Limiting inventory at runtime¶
It is possible to limit the inventory at execution time using the --limit
argument. This makes pyinfra only execute operations against targets matching the limit. Multiple limits can be provided and a limit may refer to a group or glob-style match against host names. A few examples:
# Only execute against @local
pyinfra inventory.py deploy.py --limit @local
# Only execute against hosts in the `app_servers` group
pyinfra inventory.py deploy.py --limit app_servers
# Only execute against hosts with names matching db*
pyinfra inventory.py deploy.py --limit "db*"
# Combine multiple limits
pyinfra inventory.py deploy.py --limit app_servers --limit db-1.net
Host Data¶
Data can be assigned to individual hosts in the inventory by using a tuple (hostname, data_dict)
:
app_servers = [
("app-1.net", {"install_postgres": False}),
("db-1.net", {"install_postgres": True}),
]
This data can then be used in operations:
from pyinfra import host
if host.data.get("install_postgres"):
apt.packages(
packages=["postgresql-server"],
)
Group Data Files¶
Group data can be stored in separate files under the group_data
directory (there’s also a --group-data $DIR
flag). Files will be loaded that match group_data/<group_name>.py
, and all hosts in any matching group will receive variables defined in the file as data:
app_user = "myuser"
app_dir = "/opt/pyinfra"
These variables can then be used in operations:
from pyinfra import host
git.repo(
src="git@github.com:Fizzadar/pyinfra.git",
dest=host.data.app_dir,
user=host.data.app_user,
)
Note
The group_data
directory is relative to the current working directory.
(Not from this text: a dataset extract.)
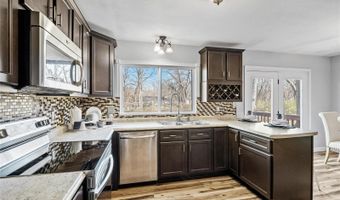 547 Golfwood Dr, Ballwin, MO 63021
This can be changed at runtime via the --chdir
flag.
Data Hierarchy¶
The same keys can be defined for host and group data - this means we can set a default in all.py
and override it on a group or host basis. When accessing data, the first match in the following is returned:
- “Override” data passed in via CLI args
- Host data as defined in the inventory file
- Normal group data
- “all” group data
Note
pyinfra contains a debug-inventory
command which can be used to explore the data output per-host for a given inventory/deploy, ie pyinfra inventory.py debug-inventory
.
Connecting with Data¶
Data can be used to configure connectors. For example, setting SSH connection details can be done like so:
ssh_user = "ubuntu"
ssh_key = "~/.ssh/some_key"
ssh_key_password = "password for key"
The Connectors Index contains full details of which data keys are available in each connector.
Global Arguments with Data¶
Data can also provide default values for Global Arguments, for example:
_sudo = True
_sudo_user = "pyinfra"
External Sources for Data¶
Because pyinfra is configured in Python, you can pull in data from pretty much anywhere just using other Python packages.